But I’m still wondering what guidelines need to be considered when selecting circuit protection. Theoretically, a short circuit will result in infinite amps, so maybe I should be looking at the high end of the time-current charts. If so, (at 10 times their rating) the Eaton thermal-magnetics will trip in .003 to .015 seconds, a slow magnetic-hydraulic in .010 to .3 seconds, a fast magnetic-hydraulic in .010 to .09, a thermal in .12 to .7 seconds and a mini fuse in .01 seconds.


----------



## Matt_GNo27 (Feb 7, 2016)

bluecomet400 said:


> What about the breakers sold by Dallee?
> 
> https://www.dallee.com/5-Amp-Circuit-Breaker-with-Spike-Protection-1112
> 
> John


The Dallee Circuit Breaker with Spike Protection uses a thermal breaker and a TVS diode, and frankly, at $25 are a ripoff. 

You can get 5 amp thermal breakers from Digi-Key for $2.47 here. Digi-Key has TVS diodes for $0.65 a piece here.

To the electronic wizards here, perhaps you can explain something to me:

It is my understanding that circuit breakers/fuses protect the transformer from high current and TVS diodes protect the sensitive electronics in the engine. If that is the case, shouldn't an appropriately rated thermal breaker used in conjunction with TVS diode be sufficient protection when using postwar transformers with modern locomotives?


----------



## DennyM (Jan 3, 2016)

Yes Matt, I seem to remember gunrunnerjohn posting something about TVS diode in-line with a 5 amp breaker awhile back.


----------



## beachhead2 (Oct 31, 2017)

Matt_GNo27 said:


> It is my understanding that circuit breakers/fuses protect the transformer from high current and TVS diodes protect the sensitive electronics in the engine. If that is the case, shouldn't an appropriately rated thermal breaker used in conjunction with TVS diode be sufficient protection when using postwar transformers with modern locomotives?

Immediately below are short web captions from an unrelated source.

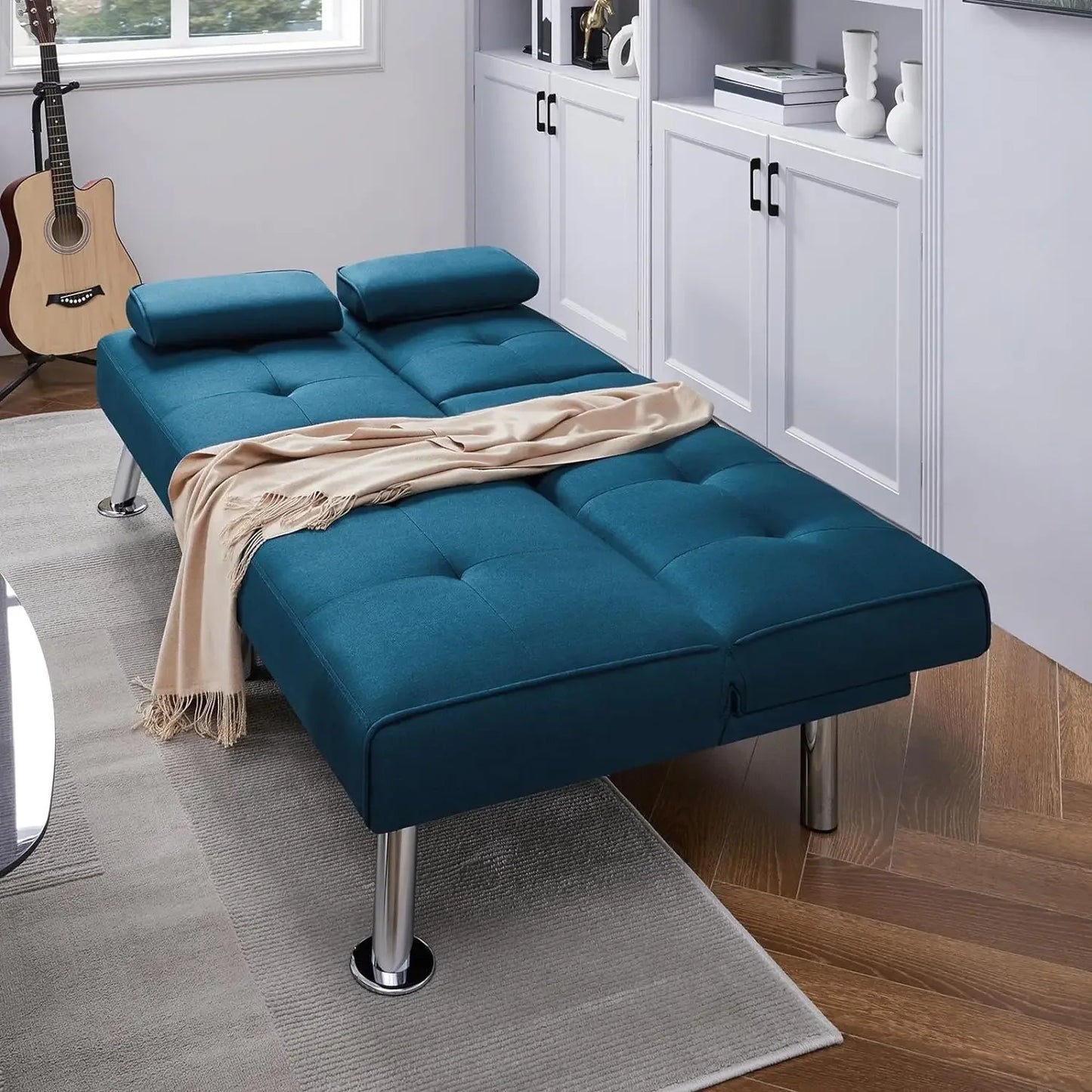 Sofa Bed Adjustmentsofa Double-sided Doublesofa Folding Sofa Bed Guestbed,cupholder,Bed Modern Artificial Leather Lounge Chair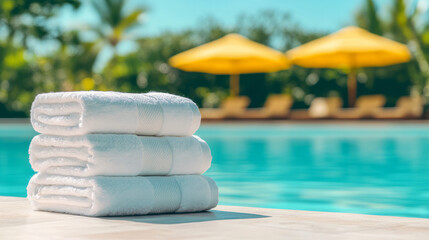Poster - A creative angle framing the towels in the foreground, while a modern resort pool area with sun umbrellas and greenery fills the background,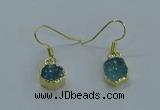 NGE335 9mm - 11mm freeform druzy agate earrings wholesale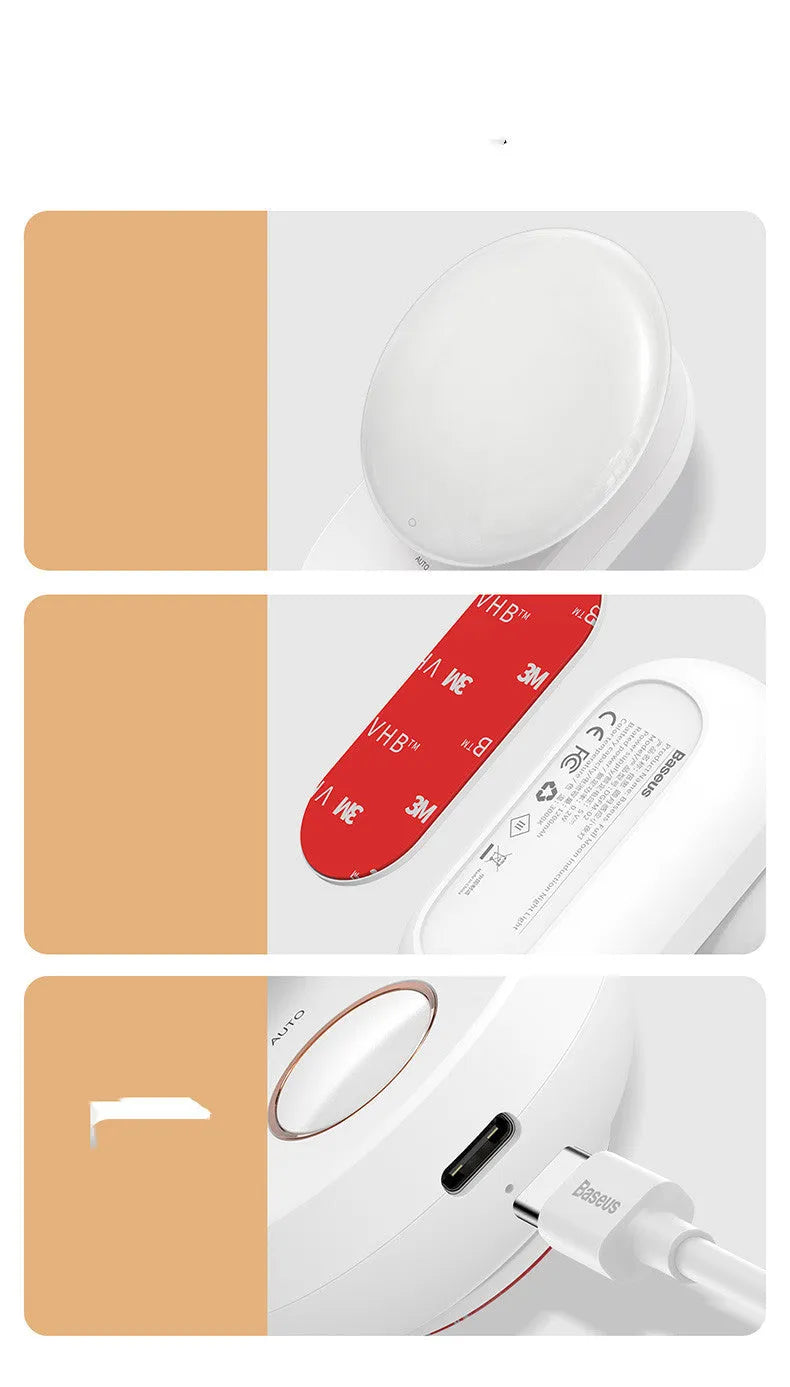 Baseus Sunshine Series Full Moon white rechargeable motion sensor night light with USB charging port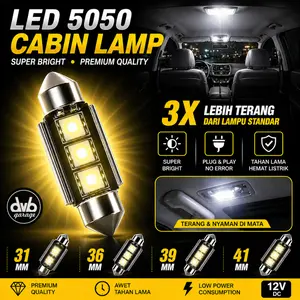 LAMPU LED 5050 SUPER BRIGHT 31/36/39/41 MM CABIN CANBUS KABIN MOBIL PLAFON INTERIOR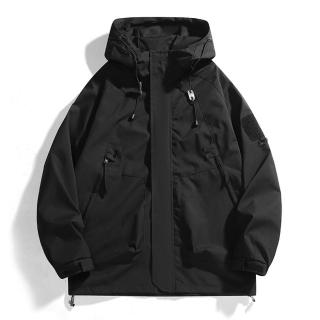【米蘭精品】衝鋒衣防風外套(連帽戶外機能衝鋒男夾克5色74it50)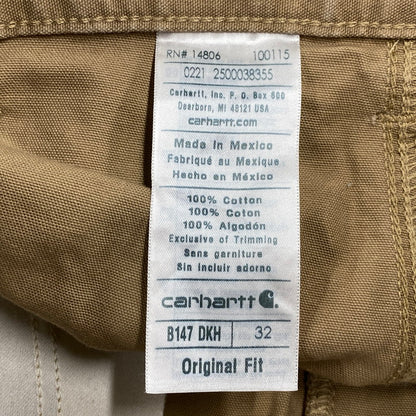 【中古品】【メンズ】 CARHARTT カーハート B147DKH 21年製 メキシコ製 LOOSE FIT CANVAS UTILITY WORK SHORTS ルーズ フィット キャンバス ユーティリティ ワークショーツ 158-260806-yn-10-izu サイズ：32 カラー：ダークカーキ 万代Net店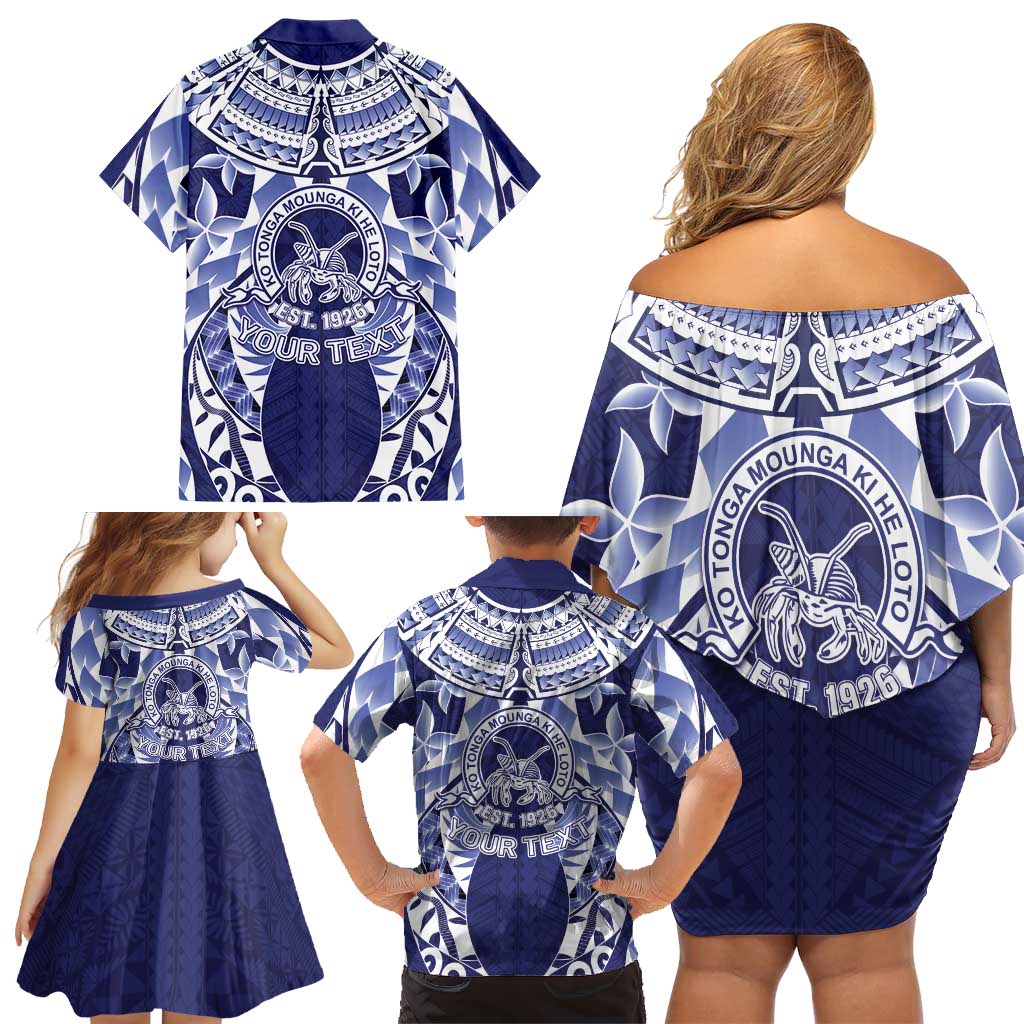 Personalised Tonga Queen Salote College Family Matching Off Shoulder Short Dress and Hawaiian Shirt Centenary Navy Version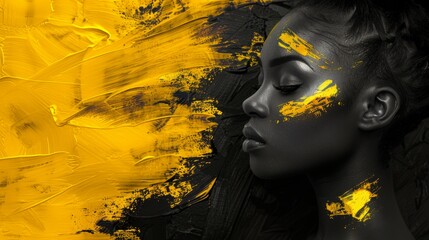 Woman with artistic yellow paint on her face poses against a dark textured background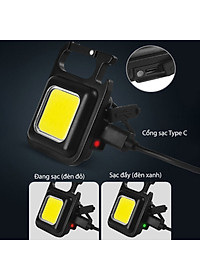 Đèn LED Mini Móc Khóa - Đèn Pin COB - Đèn Pin Dã Ngoại - Sạc USB Tiện Dụng - Hàng Loại 1 - Chính Hãng MINIIN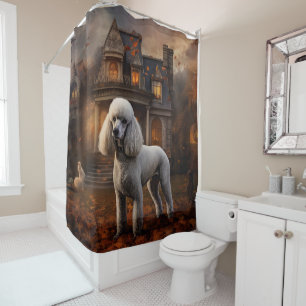 Poodle Halloween Scary Shower Curtain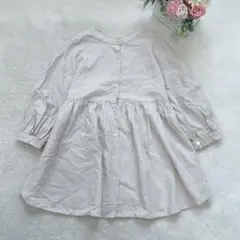 グローバルワーク 七分袖シャツ レディース トップス ノーカラー フレア 可愛い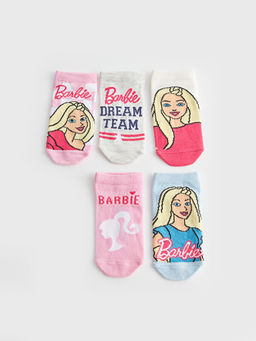 Barbie Desenli K?z ?ocuk Patik ?orap 5li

I am not an electronics wizard so someone else will need to confirm but that is my understanding, yes. Breakers are for the transformer. Diodes are for your modern electronics. I have TVS diodes at the ZW posts and inside my breaker box. I've seen posts where GRJ recommends the best possible place for a TVS diode is INSIDE the engine. But I have not done this yet.


----------



## highvoltage (Apr 6, 2014)

Breakers and fuses also protect sensitive electronics inside modern engines from excess current.

Transformers have breakers for their own protection, but might not trip fast enough to protect engines.

TVS diodes protect electronics from voltage spikes.


----------



## DennyM (Jan 3, 2016)

Inside the engine? Would you solder them to the roller contacts?


----------



## beachhead2 (Oct 31, 2017)

DennyM said:


> Inside the engine? Would you solder them to the roller contacts?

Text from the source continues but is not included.